### What the task requires
Below are records that should be duplicated exactly, with no image retained.

### Records for this task
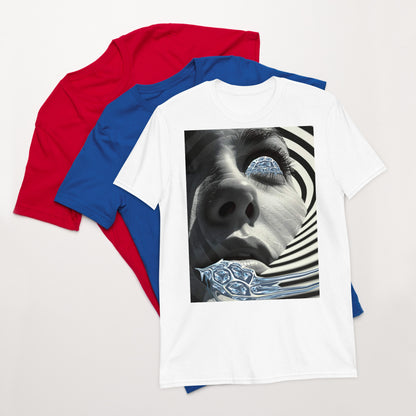 white t-shirt, artistic, abstract woman, cotton, crew cut, short sleeve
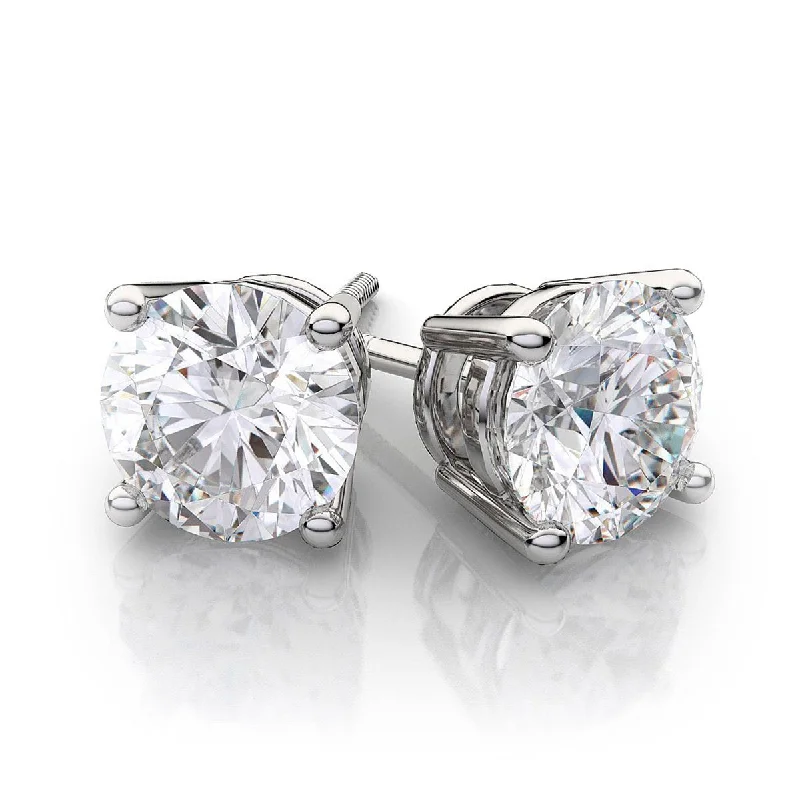 Round Solitaire Diamond Studs (3.00 ct Round J SI2 GIA) in White Gold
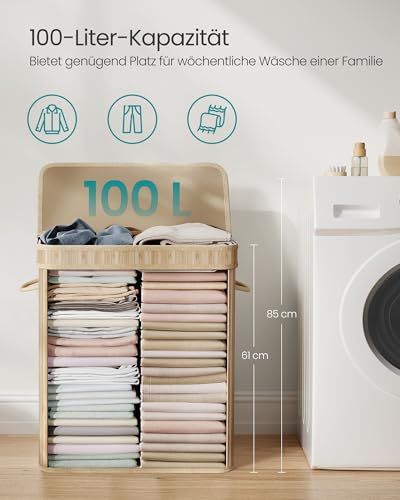 SONGMICS Wäschekorb mit Deckel, Wäschesammler Bambus, Wäschesack herausnehmbar und maschinenwaschbar, mit Griffen, 100 Liter, für Waschküche, Schlafzimmer, Wohnzimmer, naturbeige LCB063N01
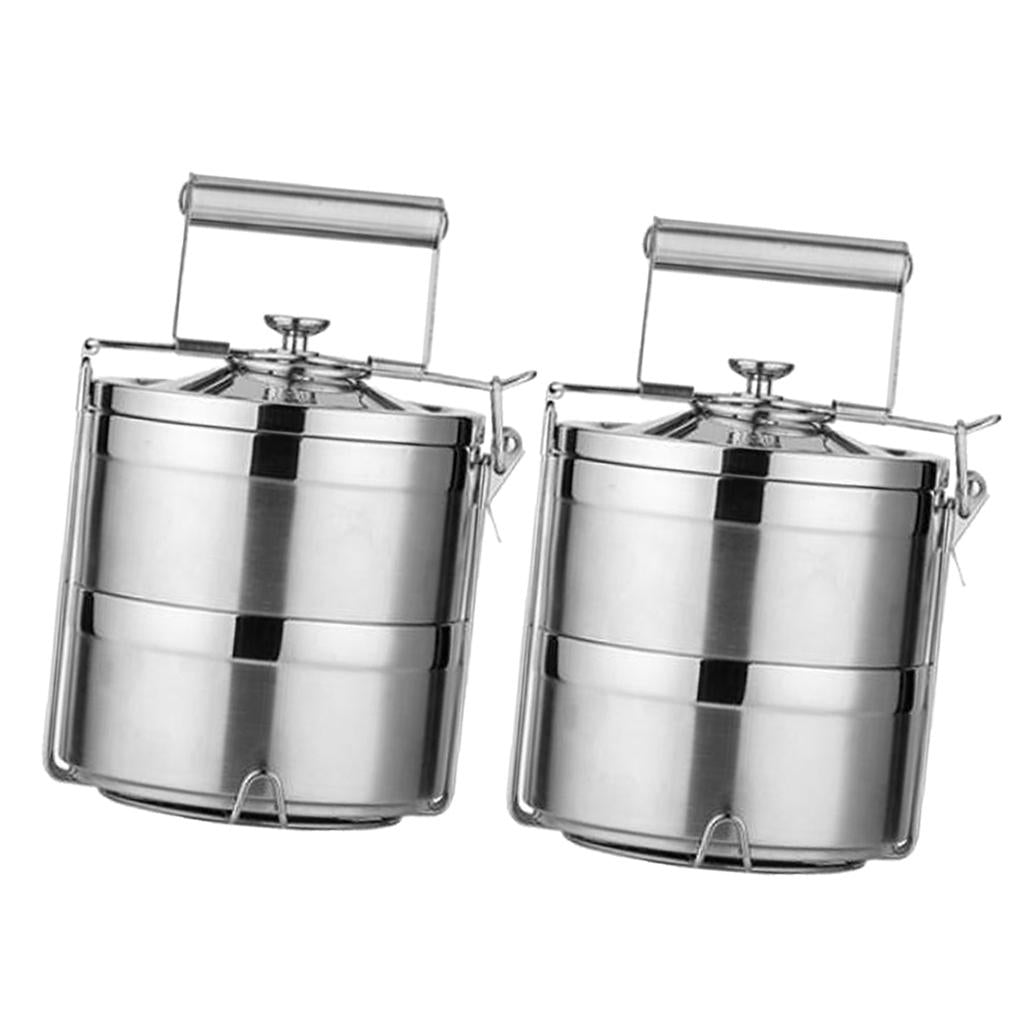 2x Stainless Steel Thermal Insulated Stackable Lunch Bento Box Tiffin 2 Tier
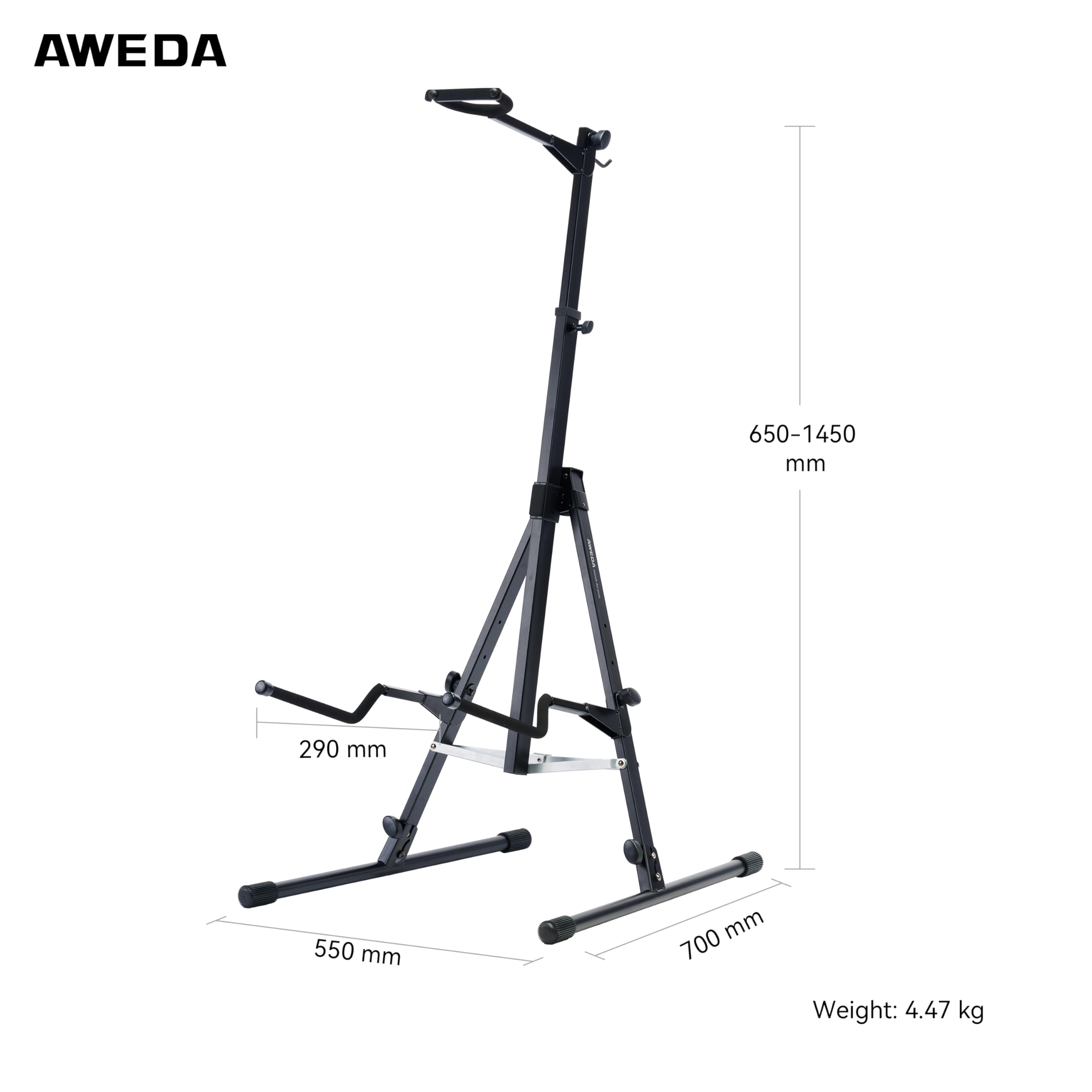 Aweda Acoustic Double Bass Stand Adjustable Neck And Support Arms Portable Cross-Bar Structure
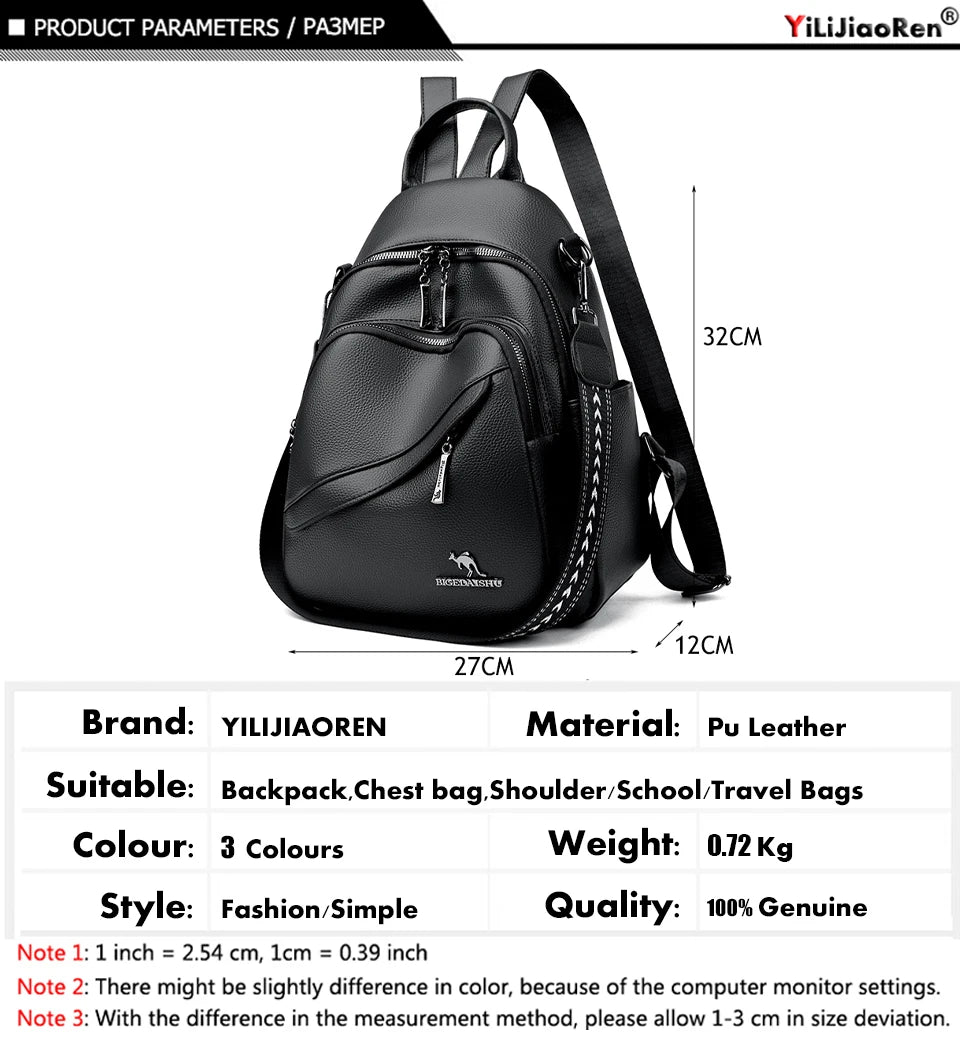 Fashion Backpacks Women Shoulder Bag Simple Rucksack Female Soft Leather Back Pack Ladies Travel Bag Large Capacity School Bags - Clikcy
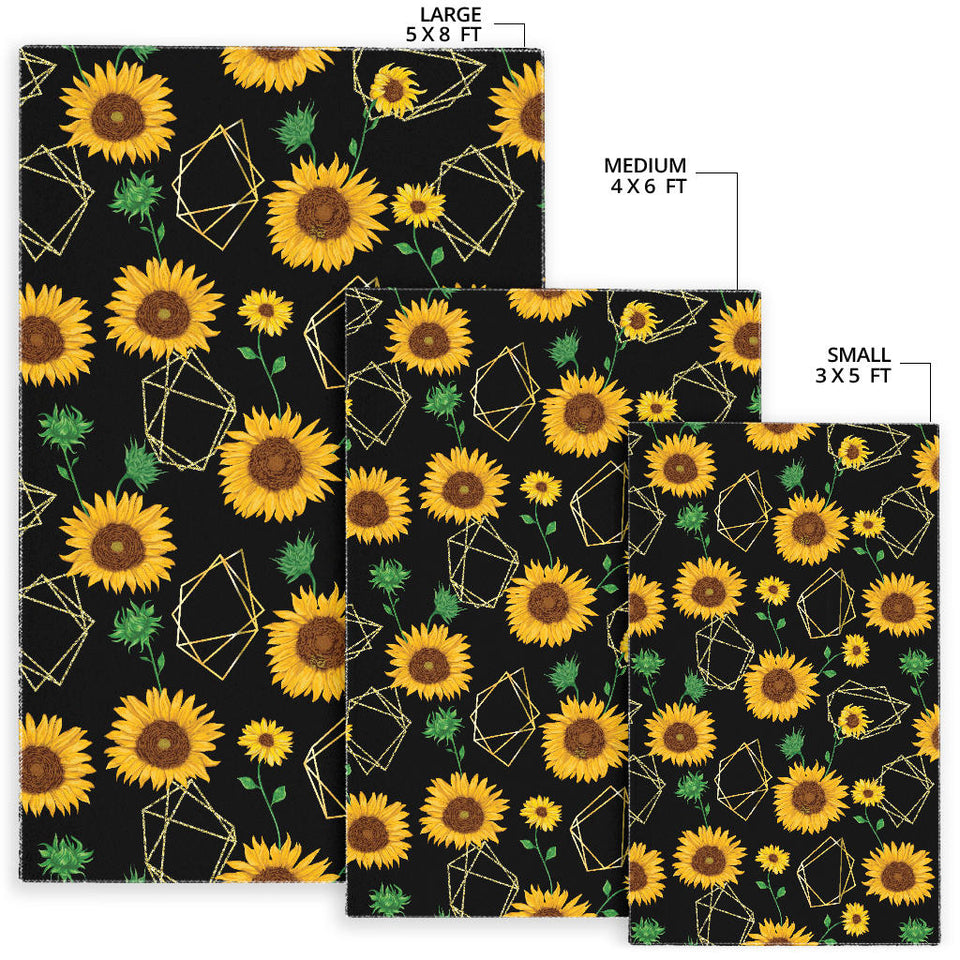 Sunflower Golden Polygonal Shapes Area Rug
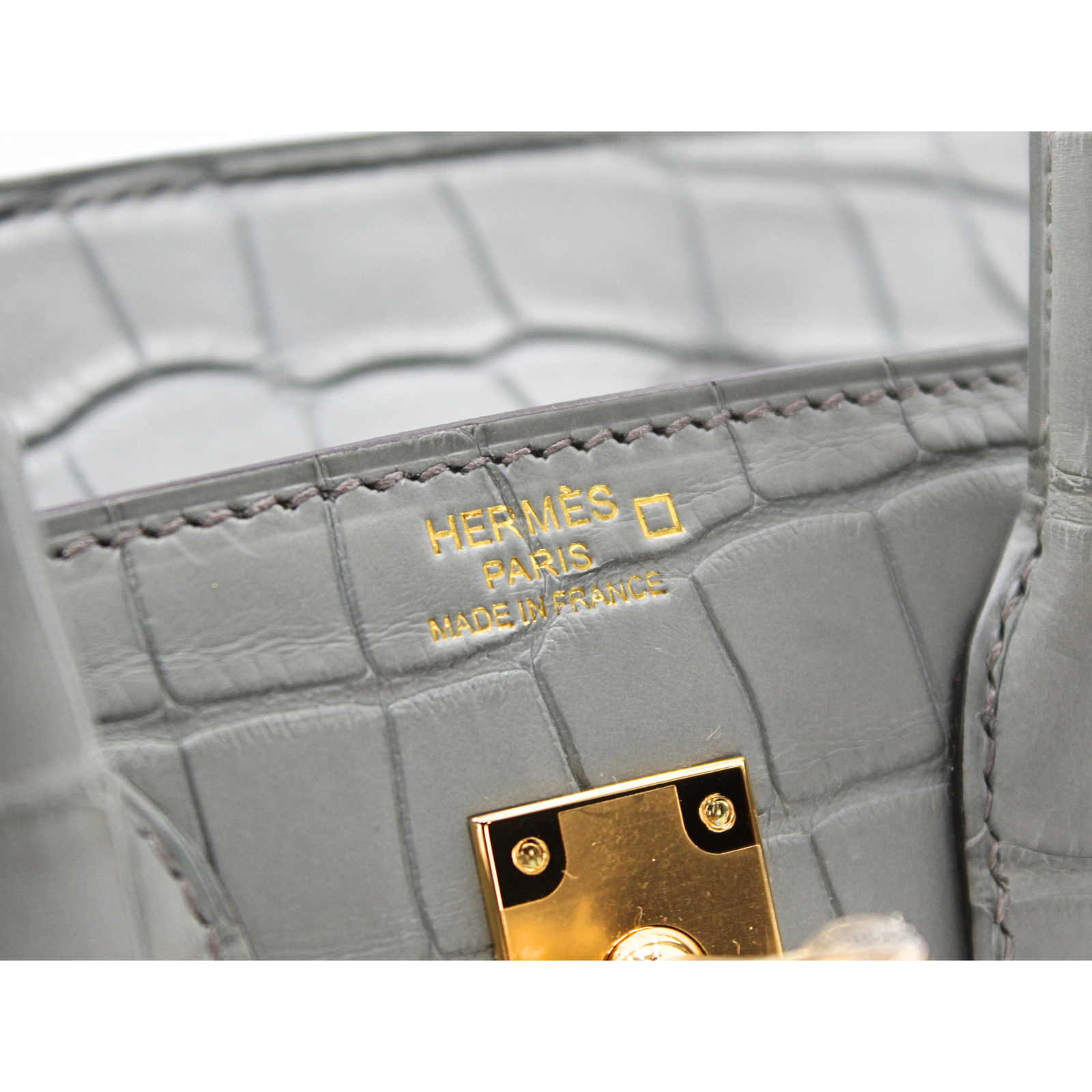 Birkin 25 Sellier Matte Alligator Gris Ciment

### Result
 white t-shirt, artistic, abstract woman, cotton, crew cut, short sleeve
 Round Solitaire Diamond Studs (3.00 ct Round J SI2 GIA) in White Gold
 SONGMICS Wäschekorb mit Deckel, Wäschesammler Bambus, Wäschesack herausnehmbar und maschinenwaschbar, mit Griffen, 100 Liter, für Waschküche, Schlafzimmer, Wohnzimmer, naturbeige LCB063N01
 2x Stainless Steel Thermal Insulated Stackable Lunch Bento Box Tiffin 2 Tier
 Aweda Acoustic Double Bass Stand Adjustable Neck And Support Arms Portable Cross-Bar Structure
 Fashion Backpacks Women Shoulder Bag Simple Rucksack Female Soft Leather Back Pack Ladies Travel Bag Large Capacity School Bags - Clikcy
 Sunflower Golden Polygonal Shapes Area Rug
 Birkin 25 Sellier Matte Alligator Gris Ciment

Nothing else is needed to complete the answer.